Define a search space for the GP kernel parameters (e.g., length scales, kernel variance) and likelihood parameters (e.g., noise variance).
Use Bayesian optimization (Hyperopt) to intelligently search this space.
For each set of hyperparameters evaluated by Hyperopt, perform k-fold cross-validation on the training data.
The objective function is configurable: cross-validated RMSE, Negative Log Predictive Density (NLPD), or a weighted combination.
The set of hyperparameters yielding the minimum loss is selected as optimal.
A final GP model is then refitted on the entire training dataset using these best-found hyperparameters.

Features

Automated hyperparameter optimization for GP models using Hyperopt.
Cross-validation (k-fold) integrated into the optimization loop.
Three scoring objectives:
- "cv_rmse" — Minimise cross-validated RMSE (prediction accuracy).
- "nlpd" — Minimise Negative Log Predictive Density (prediction accuracy + uncertainty calibration).
- "combined" — Weighted combination of both, balancing accuracy and calibration.
Automatic Leave-One-Out (LOO): when the dataset is smaller than n_splits, the splitter falls back to LOO automatically.
Supports various GPflow kernels (RBF, Matern32, Matern52, RationalQuadratic by default).
Smart data-dependent defaults: search ranges are automatically computed from the training data.
Flexible overrides: fine-tune individual search ranges without building a full Hyperopt space.
Simple API: provide your preprocessed numerical X_train and y_train data.

Installation

pip install bayesian-gp-cvloss

Alternatively, install from source:

git clone https://github.com/Shifa-Zhong/bayesian-gp-cvloss.git
cd bayesian-gp-cvloss
pip install .

Dependencies

gpflow >= 2.0.0
hyperopt >= 0.2.0
scikit-learn >= 0.23.0
pandas >= 1.0.0
numpy >= 1.18.0

Quick Start

import numpy as np
from bayesian_gp_cvloss import GPCrossValidatedOptimizer

# Create synthetic data
np.random.seed(42)
X = np.random.rand(100, 3)
y = np.sin(X[:, 0] * 2 * np.pi) + X[:, 1]**2 + np.random.randn(100) * 0.1

# --- Option A: Classic RMSE objective (default, backward-compatible) ---
optimizer = GPCrossValidatedOptimizer(
    X_train=X, y_train=y,
    n_splits=5, random_state=42
)
best_params = optimizer.optimize(max_evals=50)
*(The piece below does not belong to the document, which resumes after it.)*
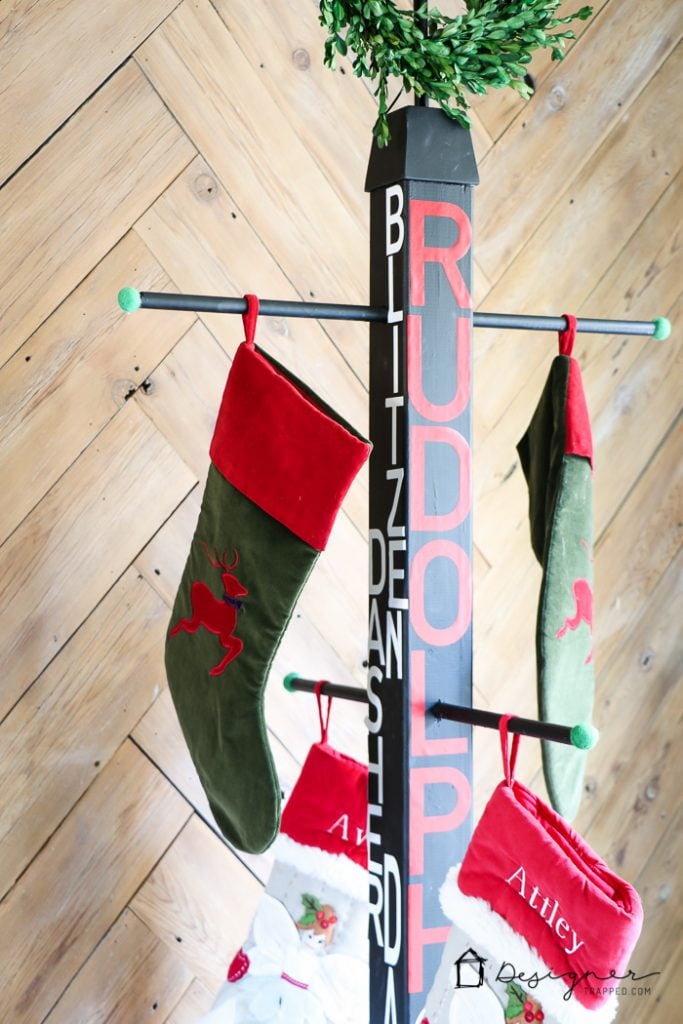 No mantel? No problem. You can hang Christmas stockings without a mantel. This DIY stocking holder stand is the perfect solution and this full tutorial makes it look so easy. #DIYworkshop #sponsored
# --- Option B: NLPD objective (accuracy + uncertainty calibration) ---
optimizer = GPCrossValidatedOptimizer(
    X_train=X, y_train=y,
    scoring="nlpd",           # <-- NEW
    n_splits=5, random_state=42
)
best_params = optimizer.optimize(max_evals=50)

# --- Option C: Combined objective ---
optimizer = GPCrossValidatedOptimizer(
    X_train=X, y_train=y,
    scoring="combined",       # <-- NEW
    nlpd_weight=0.5,          # <-- NEW: weight for NLPD term
    n_splits=5, random_state=42
)
best_params = optimizer.optimize(max_evals=50)

# Access results — both RMSE and NLPD are always recorded
trials = optimizer.get_optimization_results()
if trials.best_trial:
    result = trials.best_trial['result']
    print(f"Best CV RMSE: {result['cv_rmse']:.4f}")
    print(f"Best CV NLPD: {result['cv_nlpd']:.4f}")
    print(f"Best Train RMSE: {result['train_loss']:.4f}")

# Predict
y_pred, y_var = optimizer.predict(X_test)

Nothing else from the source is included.